Birmingham bin workers could strike again over Christmas

  • Bin collections in Birmingham could grind to a halt over Christmas if members of the Unite union vote to strike.
  • They could walk out from December 28th.
  • Last summer’s on-and-off strikes lasted for 222 days and cost Birmingham City Council more than £6 million.

A row has broken out over alleged secret payments, said to be up to £4,000 each, made by Birmingham City Council to bin workers in the GMB union.

Its members did not take part in last summer’s long-running strikes.

READ: All the details of last summer’s bin strikes

Unite claims the payments were a ‘sweetheart deal’, effectively a thank-you for not supporting the strikes – which lasted for three months and saw rubbish piled high across the city’s streets.

It is simply astounding. By making these secret payments, Birmingham City Council has effectively blacklisted Unite members for carrying out their legal right to defend their jobs last year.

We have pressed the council to explain why they made these secret payments to workers who did not go on strike, but have so far been met with a wall of silence.

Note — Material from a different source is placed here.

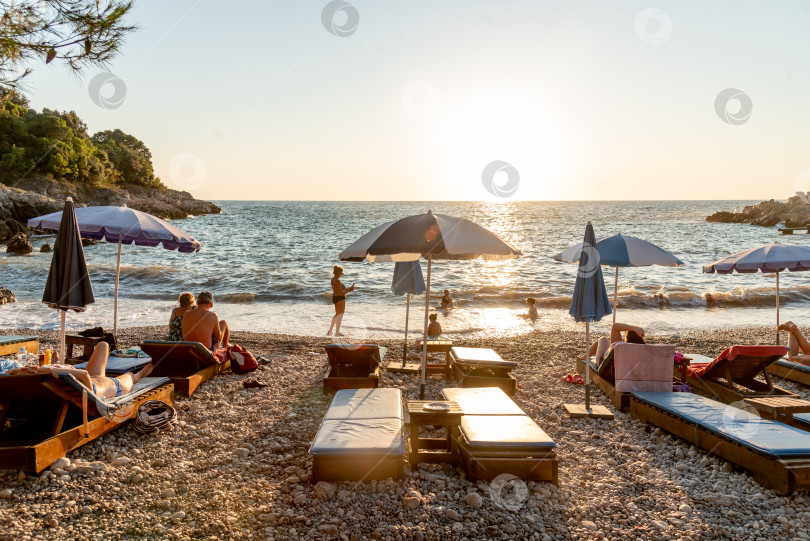 Скачать Утеха, Черногория, 22 августа 2025 года, Люди отдыхают на пляже, купаются в Адриатическом море фотосток Ozero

As a result, the council’s secrecy and discriminatory behaviour has forced us to the point where we are pursuing legal action and now balloting for industrial action.

The residents of Birmingham should be aware that the last thing Unite members want to do is disrupt bin collections over Christmas.

We would urge the city council to come clean with our members and put a stop to its discriminatory blacklisting behaviour.

– Howard Beckett, Assistant General Secretary of Unite
Credit: ITV News Central

Unite has already lodged documents with the Employment Tribunal, claiming compensation and ‘damage to feelings’ over the secret payments, but this Friday ballot papers will be sent out to members.

If they vote to strike, bin collections will cease just after Christmas.

A spokesperson for Birmingham City Council said:

"We are committed to delivering the best possible services for citizens as that is what they expect and we are continuing to work to improve waste collections.

It is frustrating and surprising, just a few weeks after offering full support for the new operating model, that the leadership of Unite believe this course of action is necessary.

We will continue to work with our dedicated staff on the ground and all Trades Unions to ensure that bins are collected when and how people expect them to be.”

– Birmingham City Council spokesperson

Union GMB said its members have not received payments relating to not taking strike action and that some members had had pay stopped for standing in solidarity with their colleagues.

In a statement, the union's senior organiser, Stuart Richards, said:

"GMB remains committed to working with our colleagues from other unions in the interests of council workers.

We believe firmly that we are much stronger when we work together. This is why, over a number of months, we have made offers to sit down and talk about any issue or concerns and this offer remains open.

In the meantime, I can confirm that GMB have stood by our members and supported them when we believed the council did not comply with its legal obligations.

However, we were not party to any payments relating to not taking strike action, and it would be inaccurate and misleading to suggest otherwise.”

– Stuart Richards - GMB senior organiser
  • Last summer’s on-and-off strikes lasted for 222 days and cost Birmingham City Council more than £6 million.
  • The Labour-run council’s leader John Clancy was forced to resign after a deal he
  • personally struck with Unite proved to be unworkable.
  • The dispute was finally settled last November, with crews agreeing to work five days a week instead of four in return for the council scrapping its plans to re-grade 106 workers.